Say I want to make inflatable beach balls with the logo of my company. I want to give them for free to stores for them to sell at a low price (price marked on the packaging and lower than competing items). The idea being that I will get publicity at the cost of making and distributing these balls. And that by these not being freebies, the stores won’t just thrown them away when I am gone.
Is this an established practice? (I know I didn’t invent it since I am copying it from a friend who does it with a magazine). Is there a name for it?
I’m curious too, because I’m not sure how this is any different than Nike putting a big corporate logo on everything they sell. I can’t think of really anything at the moment that I buy that doesn’t have a logo on it.
You may or may not run foul of something like this. Wisconsin - The Unfair Sales Act. I think you’re safe with that statute. I don’t know what the laws are where you are and you don’t mention your location for others to answer the question.
Well, no. This is different from Nike branding their products. They do earn from the sale of their product and branding it serves to further brand awareness, feeding more sales.

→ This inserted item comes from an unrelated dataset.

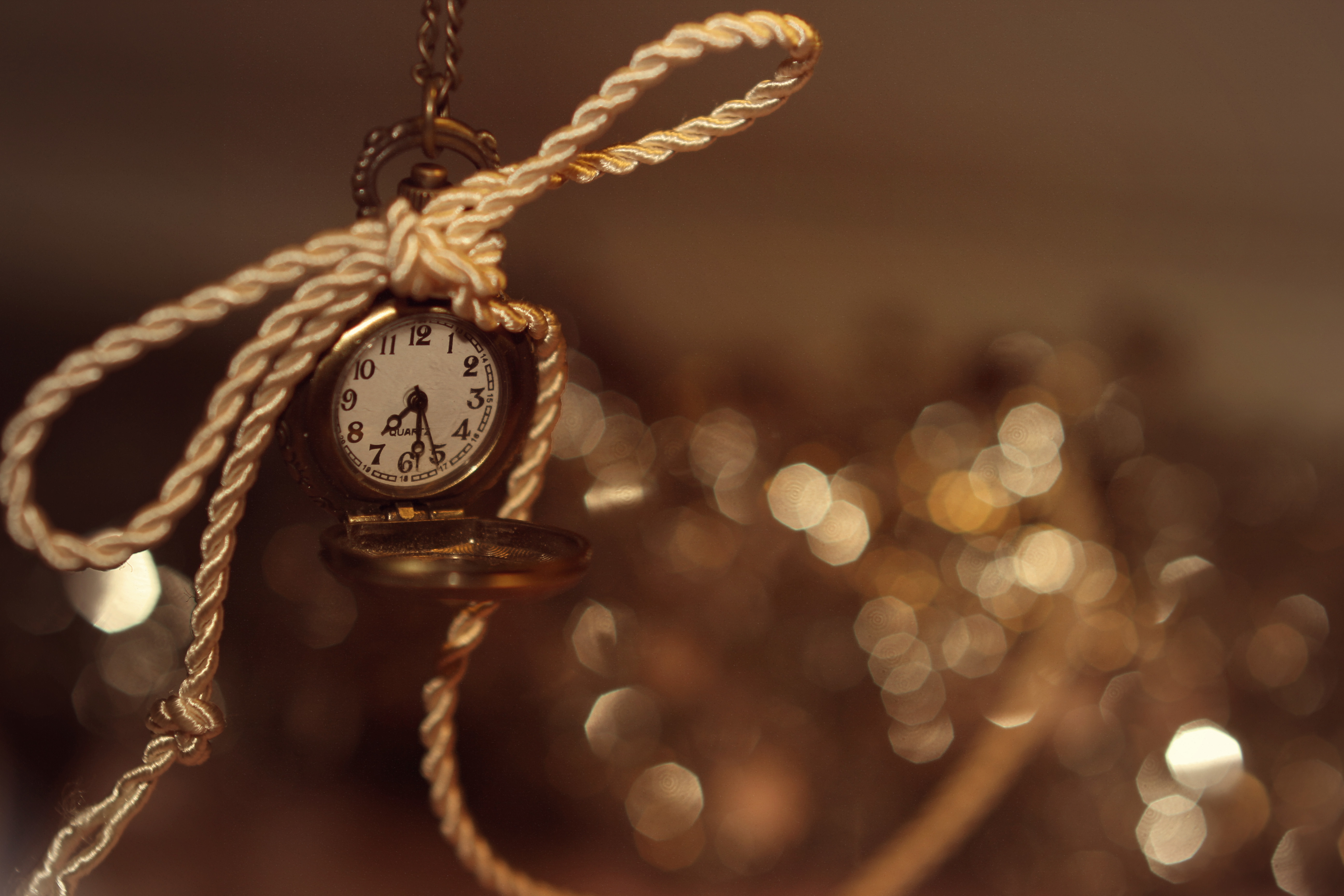 Bokeh Golden Pocket Watch Rope Watch 5184x3456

My question is about distributing for free a product to businesses which would later sell such product for their own gain while I don’t get any share of that gain, only whatever intangible gain I can get from people having/using that product.
Say, for example, that I make a magazine. I distribute it to newsstands for free, but the magazine is not intended for free distribution to the public, but for sale. This ensures, first that the magazine only falls in the hands of people who care about it, and secondly that the newsstand will take care of it and bother to distribute it. The newsstand keeps all the money from the sale, I don’t get any of it. My gain is that I sell ad space in that magazine.
I don’t see how you can insure the shop owners don’t give them away for free.
Once you give it to them, they can do as they wish. They may follow your wishes and offer them for cheap. But if they don’t move, I can’t see that you have any recourse if they end up giving them away as freebies.
I certainly have no way of making them sell them, but there is no reason for them to give away what they can sell. Putting a price tag on it only works as an incentive for them to accept it from me in the first place. Otherwise they are just better off not taking them and not cluttering their store.
What you are not considering is that retailers do not give out shelf space for free. Manufacturers fight hard for their share of the retail shelf space and store presence. Just because you are not charging the retailer for selling your product, they may very well charge you for being in the store since they can very well use the space for more profitable products.